Maybe I'm getting ahead of myself, but I'm not sure we need to worry
about this. The versions of OmniFind that will support Apache will most
likely not use the CPM, so chunking support would need to be rethought
anyway. We could remove or just not document the feature. I very much
hope that none of our other users are utilizing this feature.
--Thilo
Adam Lally wrote:
On 12/7/06, Marshall Schor <[EMAIL PROTECTED]> wrote:
To support "chunking" as used in OmniFind, the reference chapter for the
CPE says things like:
<term>throttleID</term>
<listitem><para>[String] special attribute currently used by
OmniFind.</para></listitem>
It seems a bit strange to have Omnifind specific information in the
Apache UIMA documentation.
Does anyone have a suggestion on how to better handle this? -Marshall
Well, can we just document how to use the feature (which I think
involves using a particular type system for document metadata and
populating it in the CollectionReader)?

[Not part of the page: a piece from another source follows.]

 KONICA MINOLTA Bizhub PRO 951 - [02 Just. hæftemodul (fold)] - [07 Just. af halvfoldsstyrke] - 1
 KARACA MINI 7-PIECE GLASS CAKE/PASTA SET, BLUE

Others might have similar
requirements and want to use this.
I guess one problem is that the type name might not be what we want
(e.g. does it start with com.ibm?) We might want to consider making
this a UIMA built-in type (or perhaps not truly built-in, but a type
system descriptor provided with the SDK). Maybe it should be combined
with the org.apache.uima.examples.SourceDocumentInformation type,
which already defines a Document URI and an isLastSegment flag - we'd
need to add the SegmentNumber.
-Adam